Firstly, have a business plan. If this is a facility renewal, then probably your budget is enough. If it is an increased or new facility, a longer period plan, typically three to five years is necessary. Profit and loss accounts are not enough, plenty of profitable companies go bust. You need a “trended balance sheet” which is a month-by-month projection of your balance sheet showing how your business’ assets and liabilities change. You need to be able to read a balance sheet to explain one so if in doubt, take your accountant and be ready to explain the Gearing Ratios, Liquidity and Quick Ratios and how they trend month by month.
Clearly the bank will be pleased if the trends are positive but if adverse, you need some pretty robust explanations.
You must also have a detailed month by month cash flow forecast showing every type of revenue and expenditure including VAT, corporation tax, once a year spend like insurance premiums, audit fees, etc.
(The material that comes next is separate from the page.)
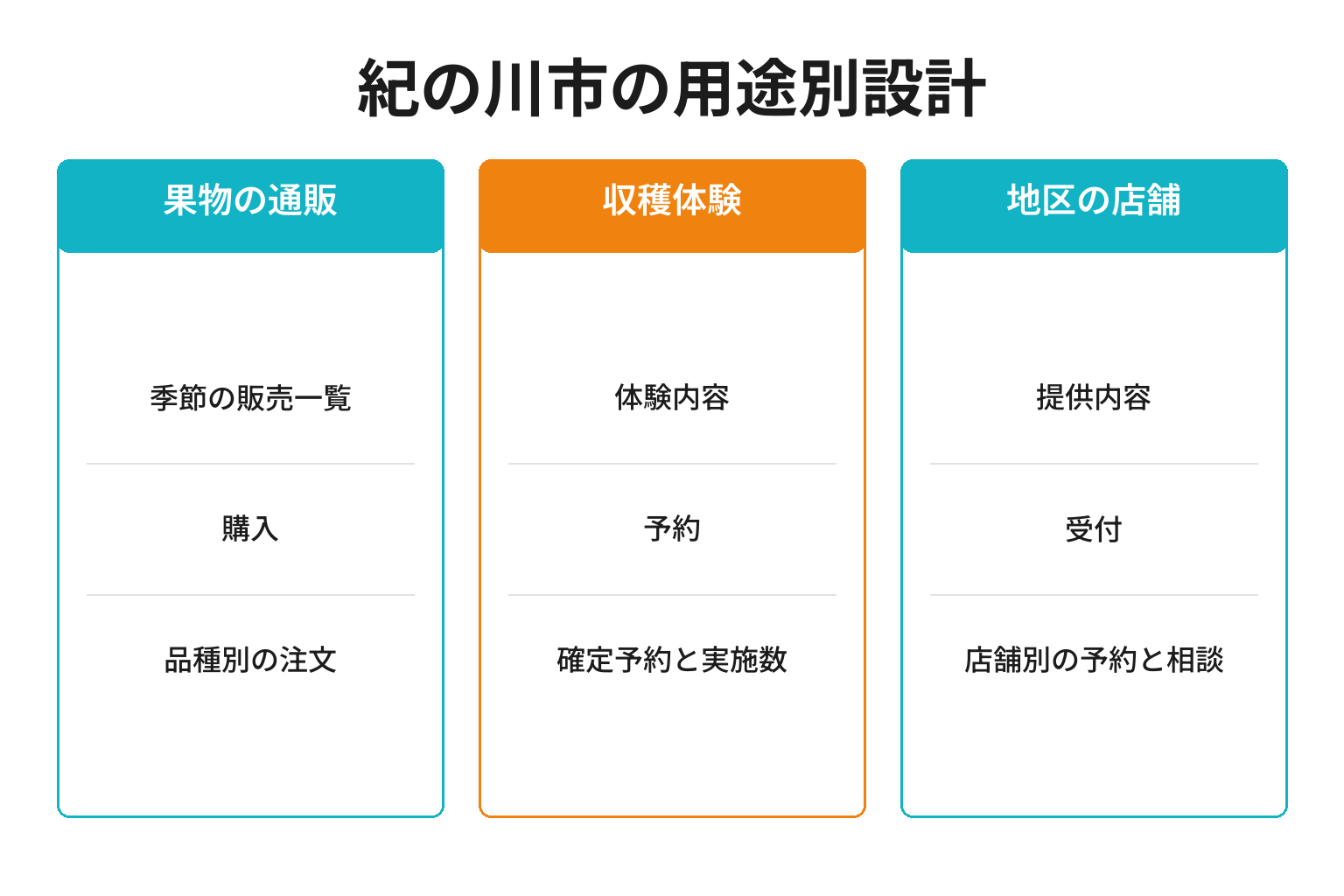 紀の川市の用途別ページ構成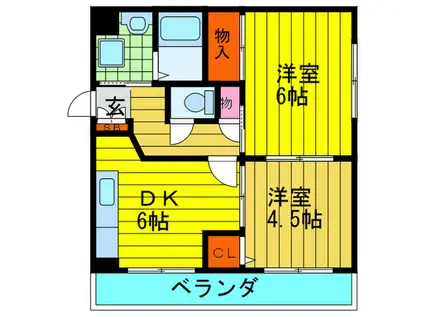 エムズコートシャルマン(2DK/1階)の間取り写真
There will be peaks and troughs, you may stock up with winter lines in October and have to pay for them in November before your customers pay you so, carefully plan for all such events and detail this on your balance sheets and cash flow forecasts.
Knowing that banks are cautious, have a “what if” scenario because the bank will expect one. Simply put, what if sales are 10 percent down, what if sales are 10 percent up? How would these scenarios affect your profit and loss, balance sheet and more importantly, cashflow? Remember, with increased sales, cashflow is stretched as stocks and debtors invariably rise and money goes out before that sales revenue is received.
I have a useful checklist spelling out the name of a famous drink to remind you of the main aspects of your business plan a bank would want you to present to them. These are: Character, Activity, Margin, Purpose, Amount, Risk and Investment.
• CHARACTER – What is your past business performance? What is your business reputation? Are you seen as reputable?
• ACTIVITY – What is your business? Is it an established activity or a new venture?
• MARGIN – How robust are the profits that you can make? Is the market a viable one?
• PURPOSE – What are you going to do with the money? Is it speculative or core business?
• AMOUNT – How much is being asked for? Is the business investing its own money too?
• RISK – Are there “what if” scenarios? How likely are these? What happens in a “worst case” scenario?
• INVESTMENT – What is the planned return on investment?
The bank may still say “no” but if you consider all of the above, it makes it a little harder for them to do so.